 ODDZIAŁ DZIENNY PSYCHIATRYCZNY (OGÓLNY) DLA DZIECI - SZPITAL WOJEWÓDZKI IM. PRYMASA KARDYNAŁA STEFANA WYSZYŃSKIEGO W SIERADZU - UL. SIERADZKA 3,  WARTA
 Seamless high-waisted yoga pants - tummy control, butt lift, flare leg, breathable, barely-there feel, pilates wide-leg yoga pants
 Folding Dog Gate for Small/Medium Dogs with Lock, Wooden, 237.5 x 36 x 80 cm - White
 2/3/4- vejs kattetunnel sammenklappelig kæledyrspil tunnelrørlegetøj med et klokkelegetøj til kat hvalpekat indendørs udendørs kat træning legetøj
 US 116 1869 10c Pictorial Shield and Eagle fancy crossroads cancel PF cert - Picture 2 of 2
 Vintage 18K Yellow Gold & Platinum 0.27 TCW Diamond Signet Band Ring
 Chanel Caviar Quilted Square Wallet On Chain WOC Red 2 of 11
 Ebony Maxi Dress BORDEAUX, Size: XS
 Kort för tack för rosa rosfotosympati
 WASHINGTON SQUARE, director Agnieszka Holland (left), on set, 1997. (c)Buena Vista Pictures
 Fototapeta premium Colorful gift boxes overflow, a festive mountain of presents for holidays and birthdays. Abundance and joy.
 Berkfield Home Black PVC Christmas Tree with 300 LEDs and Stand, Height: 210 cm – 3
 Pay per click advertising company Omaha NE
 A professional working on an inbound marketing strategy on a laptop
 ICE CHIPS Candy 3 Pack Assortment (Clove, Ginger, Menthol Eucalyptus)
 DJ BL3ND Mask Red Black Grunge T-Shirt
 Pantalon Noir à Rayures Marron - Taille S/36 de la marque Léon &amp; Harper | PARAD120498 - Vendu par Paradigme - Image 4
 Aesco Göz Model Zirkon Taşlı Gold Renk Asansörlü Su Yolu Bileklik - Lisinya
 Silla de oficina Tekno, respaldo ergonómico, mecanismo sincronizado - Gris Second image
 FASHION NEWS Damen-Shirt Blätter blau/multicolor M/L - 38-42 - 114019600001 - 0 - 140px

AIM OF THE TASK
Only the lines from the one containing "DJ BL3ND Mask Red Black Grunge T-Shirt" through the end of the entries above belong in the answer; repeat them exactly.

TASK RESULT
 DJ BL3ND Mask Red Black Grunge T-Shirt
 Pantalon Noir à Rayures Marron - Taille S/36 de la marque Léon &amp; Harper | PARAD120498 - Vendu par Paradigme - Image 4
 Aesco Göz Model Zirkon Taşlı Gold Renk Asansörlü Su Yolu Bileklik - Lisinya
 Silla de oficina Tekno, respaldo ergonómico, mecanismo sincronizado - Gris Second image
 FASHION NEWS Damen-Shirt Blätter blau/multicolor M/L - 38-42 - 114019600001 - 0 - 140px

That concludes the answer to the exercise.